The first few scenes of the novel serve to set-up the novel’s main plot, which involves Jimmy meeting his father for the first time. After spending just five pages on Jimmy’s childhood, the novel uses the growth of Chicago – the childhood house is neglected and torn down - as a transition to Jimmy’s adult life where not much has changed for Jimmy. He still survives on the periphery of human contact, seemingly unable to break out from his mother’s overbearingness. Receiving a letter from his dad, a man he never knew, he is invited out to Waukosha, Michigan – a small, any-town suburb – for the weekend. The next series of scenes, showing Jimmy’s preparations and travel, continue to highlight Jimmy’s social awkwardness and ineptitude in everyday situations.
Two of the most telling scenes in this section are the two dream sequences that Jimmy experiences getting ready for and on the flight to Michigan. The first one sees Jimmy as a robot,[i] an apt metaphor for his lack of human interaction – literally imagining himself as a non-human entity, though one with all the emotional needs of the people he struggles to interact with. The dream’s plot revolves around adult-robot-Jimmy searching for and finding a young-child-robot-Jimmy – mirroring his real-life dilemma. The next dream takes place on a farm in rural America during the period before the Great depression. Jimmy is seen as his current-day self interacting with the period-characters of his dream-family. He, unlike in his actual childhood, has an older-brother and an abusive father. The dream turns violent, and Jimmy witnesses his father beat up his brother on the edge of the family’s peach farm. The story then resumes as Jimmy wakes up on the plane. The transition frame between the dream and real-life shows Jimmy as a robot with a bird perched on his head and a branch from a peach-tree.  In a not-too-subtle gesture, Chris Ware gives the reader an explicit diagram of the different motifs to watch for throughout the novel. Of the two we have encountered already, the robot stems from Jimmy’s unconscious portrayal of himself, while the peach, as we will see later, will come from deeply repressed sexuality.
As the story unfolds, the main narrative is continuously interrupted, often for extended periods of time, to focus on the childhood of Jimmy’s grandfather, James Corrigan. The majority of James’ story is centered on the year 1893, and his experience with the World’s Columbian Exposition. James’ family life seems reminiscent of the farm-dream that Jimmy had, and his family dynamic is opposite that of Jimmy’s – an abusive father instead of an overbearing mother. Throughout this section, James’ representation graphically recalls Jimmy’s appearance, and many of the mannerisms and character traits seen in Jimmy are present in James. We can even go as far as to say that James is supposed to represent, at least thematically, Jimmy’s childhood.
This literary choice lets us read the book as a profound statement on the idea of progress, namely that it is both exponentially quick, going from the World’s Fair to the modern-day Chicago, and almost non-existent – major similarities exist between James and Jimmy; progress in this one happens so slowly, it can be said to not happen at all.

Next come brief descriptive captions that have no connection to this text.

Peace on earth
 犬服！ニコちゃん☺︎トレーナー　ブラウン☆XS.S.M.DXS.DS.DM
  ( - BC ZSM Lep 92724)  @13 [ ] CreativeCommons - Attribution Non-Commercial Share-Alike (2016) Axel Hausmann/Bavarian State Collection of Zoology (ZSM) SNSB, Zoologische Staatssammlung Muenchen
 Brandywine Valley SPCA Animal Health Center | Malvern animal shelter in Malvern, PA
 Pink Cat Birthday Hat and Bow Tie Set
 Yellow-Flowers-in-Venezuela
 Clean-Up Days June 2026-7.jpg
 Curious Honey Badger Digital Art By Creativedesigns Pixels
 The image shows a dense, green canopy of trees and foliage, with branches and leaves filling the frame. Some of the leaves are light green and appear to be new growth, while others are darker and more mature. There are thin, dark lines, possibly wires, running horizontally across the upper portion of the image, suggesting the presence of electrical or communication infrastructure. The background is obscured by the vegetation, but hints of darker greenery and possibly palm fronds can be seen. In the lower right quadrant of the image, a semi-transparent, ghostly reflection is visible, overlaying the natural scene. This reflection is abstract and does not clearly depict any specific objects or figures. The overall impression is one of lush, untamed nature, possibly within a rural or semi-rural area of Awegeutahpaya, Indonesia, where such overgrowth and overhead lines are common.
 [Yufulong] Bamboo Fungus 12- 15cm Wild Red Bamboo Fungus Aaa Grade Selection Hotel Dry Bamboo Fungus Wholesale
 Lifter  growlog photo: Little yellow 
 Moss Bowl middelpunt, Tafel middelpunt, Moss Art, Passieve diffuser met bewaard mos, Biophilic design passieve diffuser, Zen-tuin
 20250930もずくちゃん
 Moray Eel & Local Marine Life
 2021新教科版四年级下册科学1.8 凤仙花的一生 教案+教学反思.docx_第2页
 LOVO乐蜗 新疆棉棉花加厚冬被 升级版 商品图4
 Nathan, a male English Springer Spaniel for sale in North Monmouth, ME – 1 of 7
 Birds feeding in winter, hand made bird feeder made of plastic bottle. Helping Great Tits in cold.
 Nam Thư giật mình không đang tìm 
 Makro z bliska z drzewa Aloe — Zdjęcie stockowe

Chris Ware, by telling the story of Jimmy through three generations of male characters lets the reader focus on how difficult it is to see change on a personal level even though the world around them becomes unrecognizable throughout the course of a lifetime. This idea – that Ware is trying to show how progress is relative to the timeframe you are studying – relies on the interactions and similarities between James and Jimmy, while placing their lives in the context of the World’s Fair and its effect on the country.
James Corrigan is introduced as the son of a moderately successful Chicago glazier, William Corrigan. The city of Chicago is finishing up work on the ‘White City’ of the World’s Fair, and James and his father are staying at his grandmother’s house for the time being. In these early scenes, we see James as an obedient child, one who never learned how to interact with others due to his abusive and controlling father. James is unable to confront his father, though he does often has violent fantasies involving his dad as a victim.[ii] James is just as ostracized by his peers and elders as Jimmy is, though in different ways, owning to the difference in time periods. When looking at James’ story line, there are several major plot, character and thematic elements that carry over into Jimmy’s world.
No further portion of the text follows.